Microsoft this week announced some changes to the pricing of its on-premises and cloud products, including Office 2019 and Windows 10 Enterprise. For starters, the company is making some changes to its pricing structure so as to offer more transparency and consistency across purchasing channels. These changes include:
Establishing a single, consistent starting price across all programs aligned to web direct for online services (OLS)
Removing the programmatic volume discounts (Level A and Open Level C) in Enterprise Agreement (EA)/EA Subscription, MPSA, Select/ Select Plus, and Open programs (Open, Open Value, Open Value Subscription)
Aligning government pricing for on-premises and online services to the lowest commercial price in EA/EAS, MPSA, Select Plus, and Open Programs
Delivering a newly designed Customer Price Sheet that better outlines how a customer’s price was derived (direct EA/EAS only)
In addition to the structural changes, Microsoft is also adjusting some of its offerings specifically. Office 2019, for example, will cost 10% more than the current on-premises pricing, and that affects the Office clients as well as Enterprise Client Access Licenses (CAL), Core CAL and server products.
Windows 10 Enterprise E3 will also see some adjustments, starting with simplified names.
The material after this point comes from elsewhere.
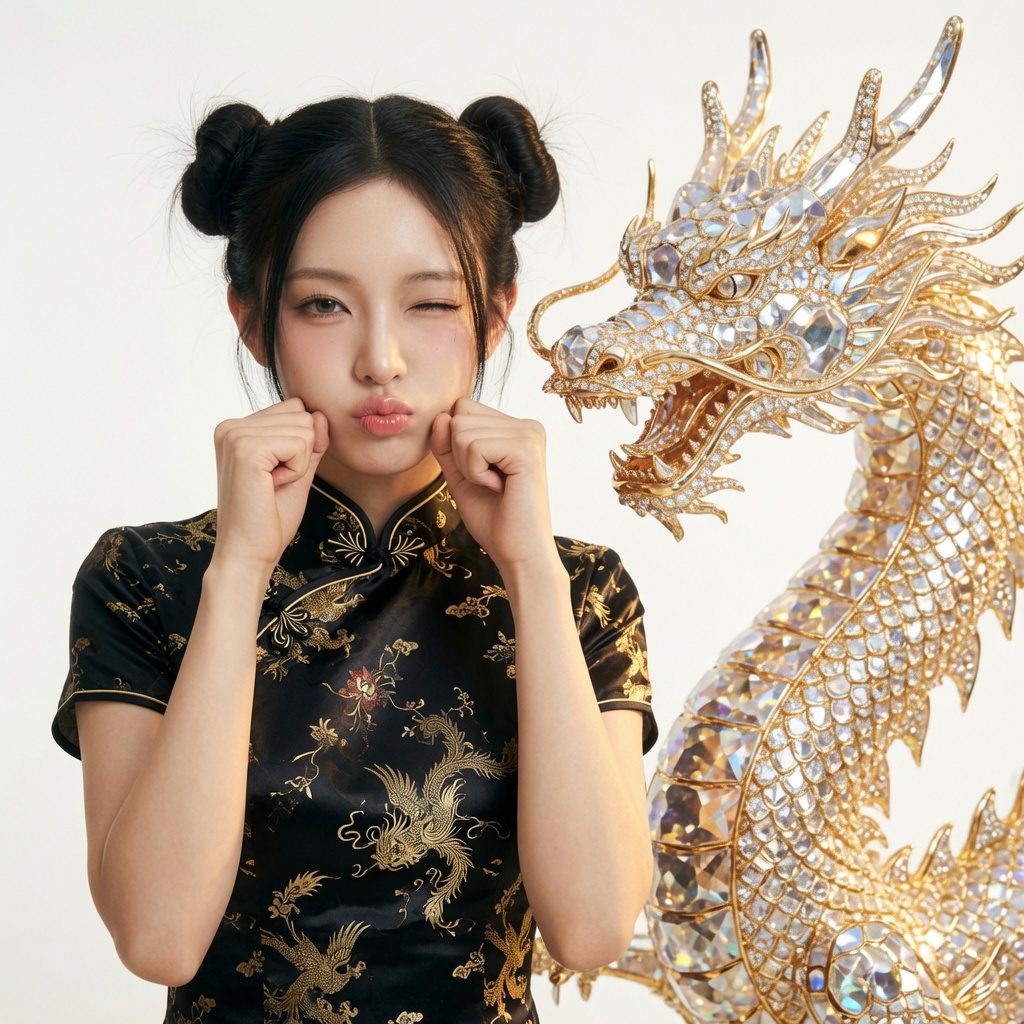 A young East Asian woman with black hair in twin buns, wearing a black qipao with gold dragon embroidery, playfully pouts with her hands on her cheeks next to a jeweled dragon statue.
Windows 10 Enterprise E3 per User will now simply become Windows 10 Enterprise E3, as the "per device" offering becomes simply Windows 10 Enterprise. The latter will also see its price increase to match that of the new Windows 10 Enterprise E3. Lastly, Windows 10 Enterprise E5 per device will be discontinued.
Microsoft says these changes are part of its attempt to move from program-centric pricing structures to user-centric ones, and that does seem to be the case seeing as subscribers of "per device" offerings seem to be the most affected by the move. All of the changes will be visible in the October 2018 price list, and customers will be able to preview them in September.